GIVEN INFORMATION START

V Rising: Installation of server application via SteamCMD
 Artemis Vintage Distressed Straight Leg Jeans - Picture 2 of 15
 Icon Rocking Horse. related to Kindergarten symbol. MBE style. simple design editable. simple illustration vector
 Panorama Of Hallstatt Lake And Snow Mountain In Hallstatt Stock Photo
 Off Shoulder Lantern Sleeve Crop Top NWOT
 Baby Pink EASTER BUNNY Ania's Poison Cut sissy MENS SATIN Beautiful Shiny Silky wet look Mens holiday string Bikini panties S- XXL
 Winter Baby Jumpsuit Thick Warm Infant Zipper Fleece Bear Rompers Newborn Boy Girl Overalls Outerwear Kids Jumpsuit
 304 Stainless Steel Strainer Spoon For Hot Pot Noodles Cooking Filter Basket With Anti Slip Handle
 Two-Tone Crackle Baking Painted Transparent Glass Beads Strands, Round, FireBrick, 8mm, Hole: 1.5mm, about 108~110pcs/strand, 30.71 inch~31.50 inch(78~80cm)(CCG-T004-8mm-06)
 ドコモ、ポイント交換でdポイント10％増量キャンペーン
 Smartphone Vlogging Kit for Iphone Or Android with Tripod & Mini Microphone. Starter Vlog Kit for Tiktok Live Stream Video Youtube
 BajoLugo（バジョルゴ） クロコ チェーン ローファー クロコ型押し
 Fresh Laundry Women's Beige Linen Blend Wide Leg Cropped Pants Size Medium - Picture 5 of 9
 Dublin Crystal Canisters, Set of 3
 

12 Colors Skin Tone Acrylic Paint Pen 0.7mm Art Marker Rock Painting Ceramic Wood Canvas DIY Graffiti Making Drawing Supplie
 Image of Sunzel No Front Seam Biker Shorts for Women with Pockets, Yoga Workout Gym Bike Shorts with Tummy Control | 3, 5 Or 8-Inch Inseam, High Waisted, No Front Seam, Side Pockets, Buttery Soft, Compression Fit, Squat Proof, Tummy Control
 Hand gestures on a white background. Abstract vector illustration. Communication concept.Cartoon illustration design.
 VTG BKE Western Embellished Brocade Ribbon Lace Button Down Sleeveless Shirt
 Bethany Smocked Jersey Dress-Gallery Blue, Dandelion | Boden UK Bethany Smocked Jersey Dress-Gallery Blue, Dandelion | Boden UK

GIVEN INFORMATION END

▶ [YOUR TASK] Where the data above reaches the line holding "Winter Baby Jumpsuit", begin printing, and stop after the line holding "VTG BKE Western". Each line must be reproduced exactly, with nothing else added.

▶ [EXPECTED ANSWER]
 Winter Baby Jumpsuit Thick Warm Infant Zipper Fleece Bear Rompers Newborn Boy Girl Overalls Outerwear Kids Jumpsuit
 304 Stainless Steel Strainer Spoon For Hot Pot Noodles Cooking Filter Basket With Anti Slip Handle
 Two-Tone Crackle Baking Painted Transparent Glass Beads Strands, Round, FireBrick, 8mm, Hole: 1.5mm, about 108~110pcs/strand, 30.71 inch~31.50 inch(78~80cm)(CCG-T004-8mm-06)
 ドコモ、ポイント交換でdポイント10％増量キャンペーン
 Smartphone Vlogging Kit for Iphone Or Android with Tripod & Mini Microphone. Starter Vlog Kit for Tiktok Live Stream Video Youtube
 BajoLugo（バジョルゴ） クロコ チェーン ローファー クロコ型押し
 Fresh Laundry Women's Beige Linen Blend Wide Leg Cropped Pants Size Medium - Picture 5 of 9
 Dublin Crystal Canisters, Set of 3
 

12 Colors Skin Tone Acrylic Paint Pen 0.7mm Art Marker Rock Painting Ceramic Wood Canvas DIY Graffiti Making Drawing Supplie
 Image of Sunzel No Front Seam Biker Shorts for Women with Pockets, Yoga Workout Gym Bike Shorts with Tummy Control | 3, 5 Or 8-Inch Inseam, High Waisted, No Front Seam, Side Pockets, Buttery Soft, Compression Fit, Squat Proof, Tummy Control
 Hand gestures on a white background. Abstract vector illustration. Communication concept.Cartoon illustration design.
 VTG BKE Western Embellished Brocade Ribbon Lace Button Down Sleeveless Shirt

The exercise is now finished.